Rethinking JEPA: Compute-Efficient Video Self-Supervised Learning with Frozen Teachers¶

Conference: ICLR 2026
OpenReview: https://openreview.net/forum?id=3cB9243E9i
Code: TBD
Area: Video Self-Supervised Representation Learning
Keywords: Video Self-Supervised, JEPA, Masked Latent Prediction, Frozen Teacher, Compute Efficiency

TL;DR¶

This paper replaces the "online EMA teacher" in V-JEPA with a "static teacher" that is pre-trained via pixel reconstruction and subsequently frozen. This results in SALT, a simplified two-stage framework that requires no anti-collapse regularization. SALT outperforms V-JEPA 2 in frozen backbone evaluations while saving compute, and unexpectedly reveals that a small, "weak" teacher can effectively supervise a very strong student.

Background & Motivation¶

Background: In video self-supervised representation learning, the JEPA series (I-JEPA / V-JEPA / V-JEPA 2) is a dominant paradigm. It involves a context (student) encoder plus a predictor that predicts the latent representations of masked regions provided by a target (teacher) encoder. To prevent representations from collapsing into trivial solutions, these methods adopt self-distillation techniques from BYOL—applying stop-gradient to the teacher and updating it via an Exponential Moving Average (EMA) of student weights.

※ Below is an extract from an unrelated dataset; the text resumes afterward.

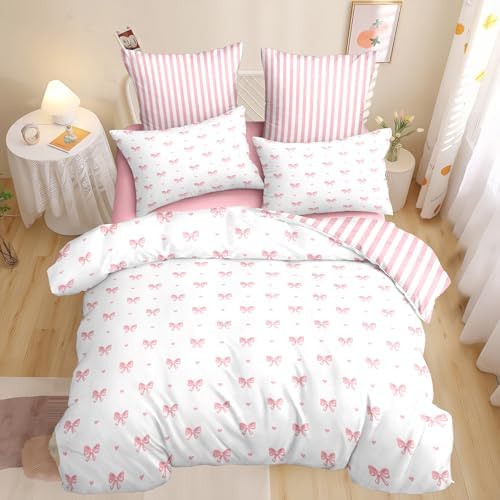 Pink Heart Bow Comforter Set 3 Piece Full Size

Limitations of Prior Work: The "online dynamic teacher + EMA" mechanism introduces three specific issues. First, teacher-student representations co-evolve, creating a collapse solution where loss approaches zero; this must be avoided using delicate hyperparameters like EMA schedules and stop-gradients. Second, the training loss itself is uninformative because the target is dynamic; a low loss does not guarantee better representations, forcing practitioners to rely on proxy metrics like RankMe to select checkpoints. Third, the teacher and student architectures are tied by the EMA update, requiring them to be isomorphic and identical in size, preventing the use of small teachers to train larger students.

Key Challenge: The root cause is the "dynamic teacher" design—it must provide supervision while being prevented from collapsing with the student, necessitating complex implicit regularization and proxy metrics. The core question is: are high-quality prediction targets truly dependent on an online, co-evolving teacher?

Goal: To verify that "dynamic teachers are actually redundant" by replacing them with a pre-trained and subsequently frozen static teacher. This removes the need for EMA and stop-gradient, making the training process transparent, scalable, and compute-efficient.

Key Insight: Stable and high-quality prediction targets can be provided by a fixed encoder, provided it is trained on a target that is inherently immune to collapse (pixel reconstruction). Once the teacher is frozen, the student's latent space prediction simplifies into an ordinary supervised regression, which is naturally immune to collapse.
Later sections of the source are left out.